Davantage d’argent pour la santé

Les gains d’efficacité et d’efficience ne suffisent pas. Nous devons aussi investir bien davantage, chaque année, et intensifier nos efforts pour aider à la réalisation des OMD liés à la santé (OMD 1c, 4, 5 et 6). De manière générale, il y a accord sur ce qui doit figurer dans un ensemble d’interventions clés de faible coût – vaccins et médicaments, planification familiale et micronutriments – susceptibles de sauver les vies de beaucoup de femmes et d’enfants vulnérables.

Si l’on veut mettre en oeuvre cet ensemble d’interventions essentielles et faire en sorte que les pays puissent poursuivre leurs efforts sur le long terme, il est également primordial d’accroître les investissements dans les systèmes de santé. La solidité des systèmes de santé passe par des investissements durables. Dans de nombreux pays, il subsiste un important déficit de financement qu’il s’agit de combler pour pouvoir dispenser aux femmes et aux enfants des services de santé de base.

Rien que pour les 49 pays du monde au revenu le plus faible, 24 le déficit de financement global à combler pour réaliser les OMD liés à la santé va de US $26 milliards par an en 2011 (US $19 par habitant) à US $42 milliards (US $27 par habitant) en 2015, les pays intensifiant progressivement leurs programmes.25

Ce que l’investissement permettra d’accomplir

Si les fonds nécessaires pour chacune des années de la période 2011-2015 sont fournis, nous améliorerons considérablement l’accès des femmes et des enfants les plus vulnérables des 49 pays les plus pauvres aux interventions qui sauvent des vies.

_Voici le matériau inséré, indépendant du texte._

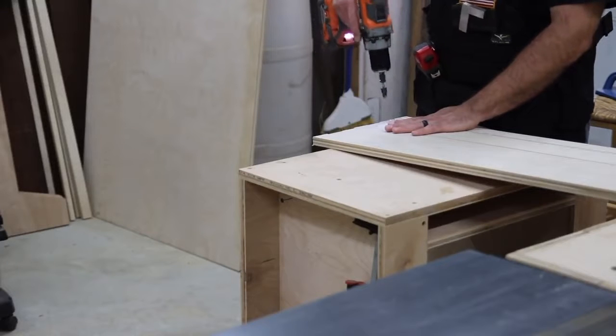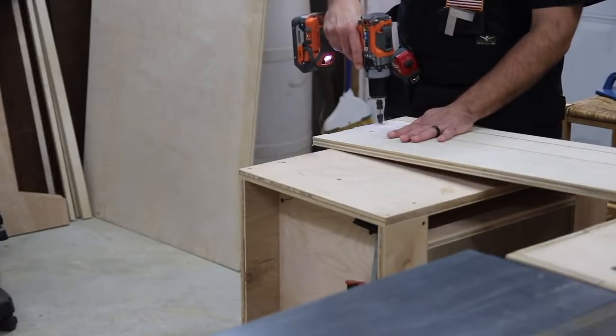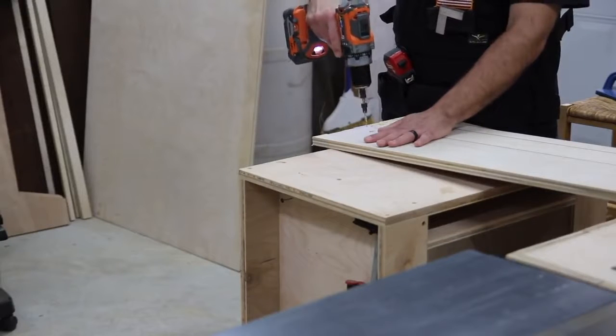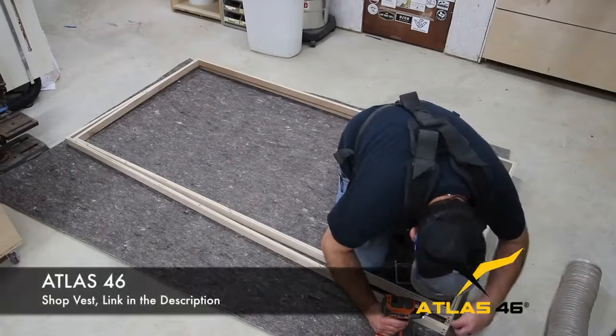I made a big mistake here and drilled too many holes in too many of the pieces. These pieces I'm drilling here are for the rectangular support piece, but I just went ahead and drilled holes in everything, which I didn't mean to do.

Pour la seule année 2015 :1

  • 43 millions de nouveaux usagers auraient accès à la planification familiale ;
  • 19 millions d’accouchements supplémentaires seraient assistés par du personnel qualifié ;
  • 2,2 millions d’infections néonatales supplémentaires seraient traitées ;
  • 21,9 millions de nouveau-nés supplémentaires seraient nourris exclusivement au sein pendant les 6 premiers mois de leur vie ;
  • 15,2 millions d’enfants de moins de 1 an supplémentaires bénéficieraient d’un programme de vaccination complet ;
  • 117 millions d’enfants de moins de 5 ans supplémentaires recevraient des suppléments de vitamine A ;
  • 40 millions d’enfants supplémentaires seraient protégés contre la pneumonie.

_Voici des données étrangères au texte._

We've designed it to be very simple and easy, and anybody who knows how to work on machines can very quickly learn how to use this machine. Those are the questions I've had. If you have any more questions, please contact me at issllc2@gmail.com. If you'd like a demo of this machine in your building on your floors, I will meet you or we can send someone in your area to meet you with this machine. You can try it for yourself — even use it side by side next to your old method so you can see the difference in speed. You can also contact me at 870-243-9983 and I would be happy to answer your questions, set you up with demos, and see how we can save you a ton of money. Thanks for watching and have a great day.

Ces financements permettraient aussi d’améliorer considérablement l’infrastructure sanitaire à laquelle ont accès les femmes et les enfants les plus démunis du monde. En 2015, il y aurait ainsi :

  • 85 000 établissements de santé supplémentaires (centres de santé hôpitaux de district ou régionaux) ;
  • Entre 2,5 et 3,5 millions d’agents de santé supplémentaires (agents de santé communautaires, infirmières, sages-femmes, médecins, techniciens et agents administratifs).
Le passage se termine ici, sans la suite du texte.